Is General Relativityy described by Pseudo-Riemannian manifold or Riemannian manifold? I cannot understand the vast difference between the two manifolds. In books, General Relativity is looked as a pseudo-Riemannian manifold, though I am not sure after reading some threads on the web which confused me.
Now checking wikipedia, it says here:
After Riemannian manifolds, Lorentzian manifolds form the most important subclass of pseudo-Riemannian manifolds. They are important in applications of general relativity.
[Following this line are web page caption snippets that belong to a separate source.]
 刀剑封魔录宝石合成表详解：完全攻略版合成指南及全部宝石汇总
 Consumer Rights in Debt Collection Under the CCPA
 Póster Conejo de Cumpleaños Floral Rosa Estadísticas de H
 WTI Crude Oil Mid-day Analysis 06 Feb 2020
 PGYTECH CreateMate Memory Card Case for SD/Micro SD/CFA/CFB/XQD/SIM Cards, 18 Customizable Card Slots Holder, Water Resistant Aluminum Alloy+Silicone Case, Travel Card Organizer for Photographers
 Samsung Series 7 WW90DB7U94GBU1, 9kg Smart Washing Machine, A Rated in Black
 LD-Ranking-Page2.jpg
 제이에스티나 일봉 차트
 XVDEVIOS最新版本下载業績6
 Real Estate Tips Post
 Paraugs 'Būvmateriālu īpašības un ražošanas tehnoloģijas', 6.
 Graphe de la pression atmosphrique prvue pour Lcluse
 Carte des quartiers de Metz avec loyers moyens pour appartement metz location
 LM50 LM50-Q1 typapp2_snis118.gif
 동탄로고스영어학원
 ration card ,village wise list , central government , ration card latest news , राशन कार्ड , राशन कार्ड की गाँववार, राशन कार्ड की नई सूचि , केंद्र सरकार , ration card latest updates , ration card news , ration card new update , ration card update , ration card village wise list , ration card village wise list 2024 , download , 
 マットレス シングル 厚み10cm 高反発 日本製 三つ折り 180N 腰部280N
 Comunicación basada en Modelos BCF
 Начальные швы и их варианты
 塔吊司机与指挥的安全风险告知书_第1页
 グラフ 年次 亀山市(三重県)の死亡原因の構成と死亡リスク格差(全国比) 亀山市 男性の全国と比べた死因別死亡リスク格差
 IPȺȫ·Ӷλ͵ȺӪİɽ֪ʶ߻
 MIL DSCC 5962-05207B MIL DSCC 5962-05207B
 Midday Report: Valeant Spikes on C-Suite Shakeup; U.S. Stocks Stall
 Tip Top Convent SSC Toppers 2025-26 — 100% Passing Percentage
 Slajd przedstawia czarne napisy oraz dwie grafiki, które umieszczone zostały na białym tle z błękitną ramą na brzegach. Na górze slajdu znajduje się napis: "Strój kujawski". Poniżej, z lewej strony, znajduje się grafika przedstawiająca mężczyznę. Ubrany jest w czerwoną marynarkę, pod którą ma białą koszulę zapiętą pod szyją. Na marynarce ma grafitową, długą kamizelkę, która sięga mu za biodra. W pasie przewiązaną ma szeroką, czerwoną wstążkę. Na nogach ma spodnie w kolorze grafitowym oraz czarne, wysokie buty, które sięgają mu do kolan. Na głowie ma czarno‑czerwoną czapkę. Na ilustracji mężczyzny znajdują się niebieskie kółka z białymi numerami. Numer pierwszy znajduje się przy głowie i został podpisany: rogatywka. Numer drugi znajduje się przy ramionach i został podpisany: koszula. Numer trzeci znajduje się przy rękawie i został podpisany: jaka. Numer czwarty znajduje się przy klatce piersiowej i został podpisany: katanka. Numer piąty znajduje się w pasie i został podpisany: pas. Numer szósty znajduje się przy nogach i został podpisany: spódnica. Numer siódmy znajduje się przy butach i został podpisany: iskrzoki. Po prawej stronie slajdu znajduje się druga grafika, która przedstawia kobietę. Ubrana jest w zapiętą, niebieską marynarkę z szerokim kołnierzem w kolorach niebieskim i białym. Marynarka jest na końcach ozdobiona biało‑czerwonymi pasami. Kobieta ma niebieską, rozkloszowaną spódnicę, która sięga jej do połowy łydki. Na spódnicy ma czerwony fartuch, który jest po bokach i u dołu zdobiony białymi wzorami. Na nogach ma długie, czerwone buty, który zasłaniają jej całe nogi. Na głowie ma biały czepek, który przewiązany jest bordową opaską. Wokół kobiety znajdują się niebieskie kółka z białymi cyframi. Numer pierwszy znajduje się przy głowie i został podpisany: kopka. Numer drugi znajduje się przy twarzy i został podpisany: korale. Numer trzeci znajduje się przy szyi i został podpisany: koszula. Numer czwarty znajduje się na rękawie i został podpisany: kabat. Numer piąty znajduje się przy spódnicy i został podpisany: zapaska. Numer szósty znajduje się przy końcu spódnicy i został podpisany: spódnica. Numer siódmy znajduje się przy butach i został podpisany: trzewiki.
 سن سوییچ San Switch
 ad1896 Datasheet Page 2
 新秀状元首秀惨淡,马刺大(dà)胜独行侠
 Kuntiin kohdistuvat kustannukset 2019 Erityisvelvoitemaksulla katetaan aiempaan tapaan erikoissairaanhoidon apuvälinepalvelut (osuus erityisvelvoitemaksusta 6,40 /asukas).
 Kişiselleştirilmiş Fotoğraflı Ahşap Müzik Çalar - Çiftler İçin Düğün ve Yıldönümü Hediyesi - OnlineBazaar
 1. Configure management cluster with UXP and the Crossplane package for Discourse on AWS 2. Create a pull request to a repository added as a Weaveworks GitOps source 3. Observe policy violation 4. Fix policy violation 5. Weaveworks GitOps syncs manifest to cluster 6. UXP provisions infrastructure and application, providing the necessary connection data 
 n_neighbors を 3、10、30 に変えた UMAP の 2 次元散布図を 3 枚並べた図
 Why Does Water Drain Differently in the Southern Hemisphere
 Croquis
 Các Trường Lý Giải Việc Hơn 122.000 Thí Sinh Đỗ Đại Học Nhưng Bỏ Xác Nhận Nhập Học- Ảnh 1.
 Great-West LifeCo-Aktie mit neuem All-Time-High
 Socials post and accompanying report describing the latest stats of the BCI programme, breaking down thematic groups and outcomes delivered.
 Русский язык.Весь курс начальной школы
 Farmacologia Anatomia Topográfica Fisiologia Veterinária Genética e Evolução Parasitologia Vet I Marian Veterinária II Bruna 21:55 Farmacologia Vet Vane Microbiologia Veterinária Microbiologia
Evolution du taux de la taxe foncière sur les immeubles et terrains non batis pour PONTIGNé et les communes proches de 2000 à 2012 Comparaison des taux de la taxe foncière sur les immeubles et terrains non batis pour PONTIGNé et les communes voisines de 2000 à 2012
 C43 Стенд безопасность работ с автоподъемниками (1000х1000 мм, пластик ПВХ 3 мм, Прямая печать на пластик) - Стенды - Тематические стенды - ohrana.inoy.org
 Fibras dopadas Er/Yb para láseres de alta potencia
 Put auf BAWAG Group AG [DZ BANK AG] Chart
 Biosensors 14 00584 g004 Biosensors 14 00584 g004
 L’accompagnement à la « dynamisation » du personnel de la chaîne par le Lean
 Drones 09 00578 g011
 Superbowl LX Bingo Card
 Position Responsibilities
A principal basis of general relativity is that spacetime can be modeled as a 4-dimensional Lorentzian manifold of signature (3, 1) or, equivalently, (1, 3). Unlike Riemannian manifolds with positive-definite metrics, a signature of (p, 1) or (1, q) allows tangent vectors to be classified into timelike, null or spacelike.
This is the best I've gotten searching for an answer and it is still confusing and not clear.
Best Answer
In relativity (both special and general) one of the key quantities is the proper length given by:
$$ ds^2 = g_{\alpha\beta}dx^\alpha dx^\beta \tag{1} $$
where $g_{\alpha\beta}$ is the metric tensor. The physical significance of this is that if we have a small displacement in spacetime $(dx^0, dx^1, dx^2, dx^3)$ then $ds$ is the total distance moved. You can think of it as a spacetime equivalent of Pythagoras' theorem. The quantity $ds$ is an invariant i.e. all observers in any frame of reference will agree on the value of $ds$.
A metric is positive definite if $ds^2$ is always positive, and Riemannian manifolds have a metric that is positive definite.
However in relativity $ds^2$ can be positive, zero or negative, which correspond to timelike, lightlike and spacelike intervals respectively. It is because $ds^2$ can have different signs that manifolds in GR are not Riemannian but only pseudo-Riemannian.
Lorentzian manifolds are a special case of pseudo-Riemannian manifolds where the signature of the metric is $(3,1)$ (or $(1,3)$ depending on your sign convention).
If we take the metric tensor that corresponds to special relativity (i.e. flat spacetime) equation (1) becomes:
$$ ds^2 = -dt^2 + dx^2 + dy^2 + dz^2 $$
That minus sign on the $dt^2$ term means $ds^2$ can be negative as well as positive, so the manifold is pseudo-Riemannian, and the one negative and three positive signs on the right hand side make the signature $(3,1)$ so the manifold is Lorentzian.